Still, you can use an external DHCP server with MAAS as long as it is correctly configured to provide these services. The problem you’re experiencing seems to be related to the network boot process (PXE) rather than DHCP itself.

The iPXE error messages and the access log entries seem to indicate that the machine is not able to get the instance ID metadata from the MAAS server, which is a necessary step for the machine to identify itself to the MAAS server. This suggests that there may be a network configuration issue that’s preventing the machine from reaching the MAAS server, or that the MAAS server is not correctly configured to respond to these requests.

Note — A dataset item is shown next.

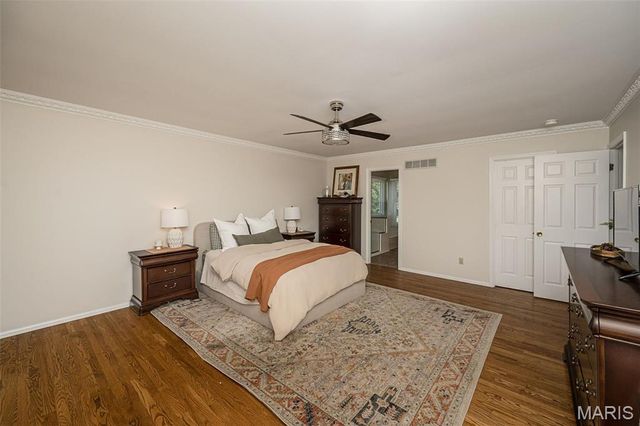 15706 Heathercroft Drive, Chesterfield, MO 63017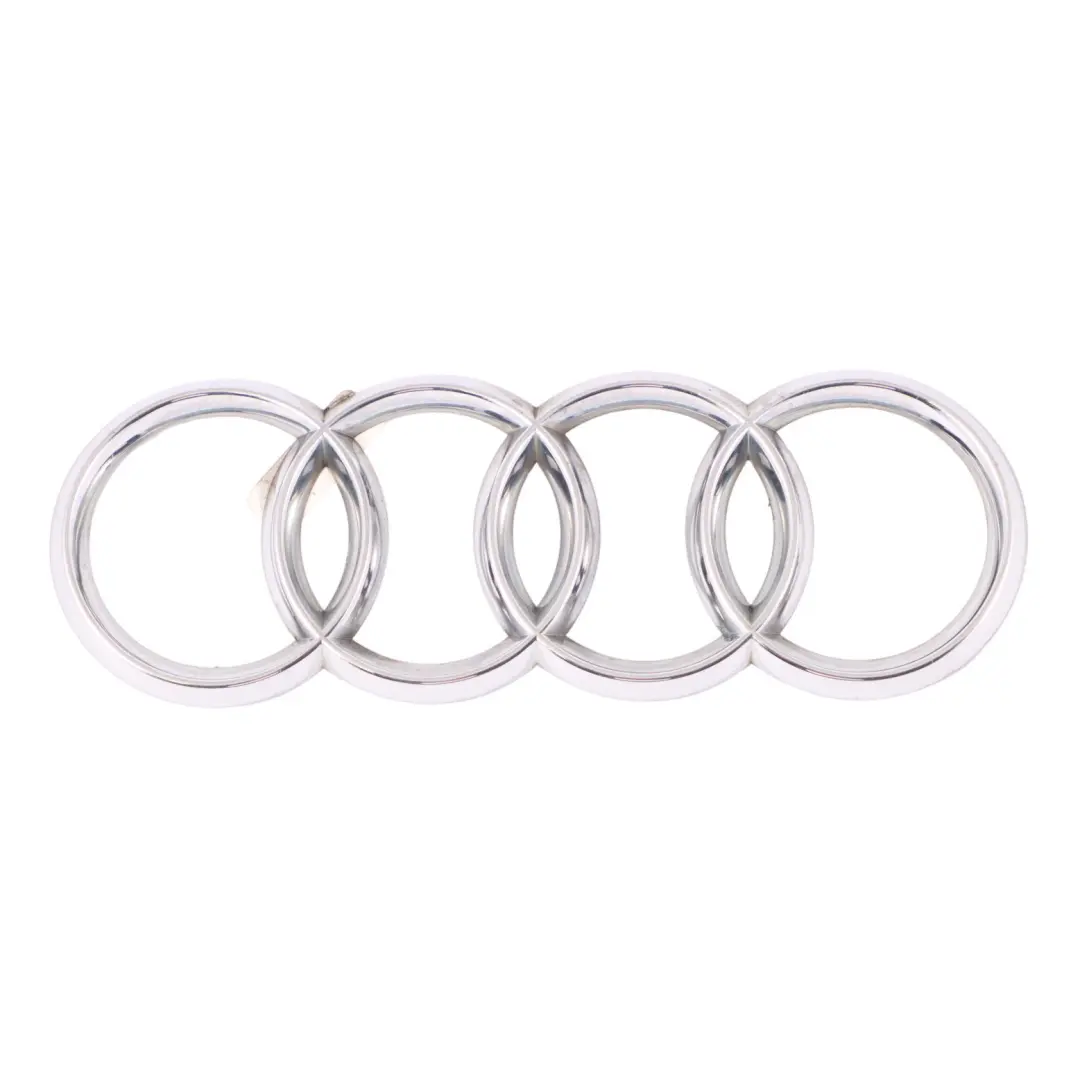 Emblema Portellone Posteriore Coperchio Baule Cromato per Audi A3 8P con numero di parte 8P0853742 Audi A3 8P Emblema Portellone Posteriore Coperchio Baule Cromato - SKU 8P0853742 - Numero di parte 8P0853742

One possibility could be that your DHCP server is not correctly set up to provide the necessary boot options for MAAS. For MAAS to work with an external DHCP server, the DHCP server needs to be configured with specific boot options that tell the machines where to get their PXE boot images and metadata. The MAAS documentation provides more information about PXE and DHCP for MAAS.

Regarding the IPv6 addresses, MAAS can work with both IPv4 and IPv6, but if you’re not providing IPv6 addresses through your external DHCP, this shouldn’t be an issue.

If none of the above helps, I’d recommend you look for DEBUG events in the MAAS logs to see if you can sort out what’s wrong.

Finally, remember that while it’s technically possible to use an external DHCP server with MAAS, the recommended and supported configuration is for MAAS to manage DHCP, because this ensures that all the necessary network services are correctly configured. If you continue to have issues with your existing DHCP server, you may want to consider switching to MAAS DHCP management.

Thanks Bill, I’ll review the dhcpd.conf file that MAAS uses and see if I can work something out.

Hey @bmcnally-uw, did you make any progress on this?

No, as I said in the other thread here:

I haven’t worked on it recently, but I will some time soon.

Hello @bmcnally-uw
I am wondering if thats the same issue as in Cloud-init fails to fetch MAAS datasource from metadata_url missing port

If thats the same in your case, then thats indeed a bug and we are already working on a fix.
You can track the progress at https://bugs.launchpad.net/maas/+bug/2022926

Thanks Anton! That does indeed look it could be the same problem I was seeing. Should I be watching the milestones pages for an expected release date to know when those fixes might end up in the production branch of 3.3.x or 3.4.x? At the moment I’m running 3.3.4-13189-g.f88272d1e.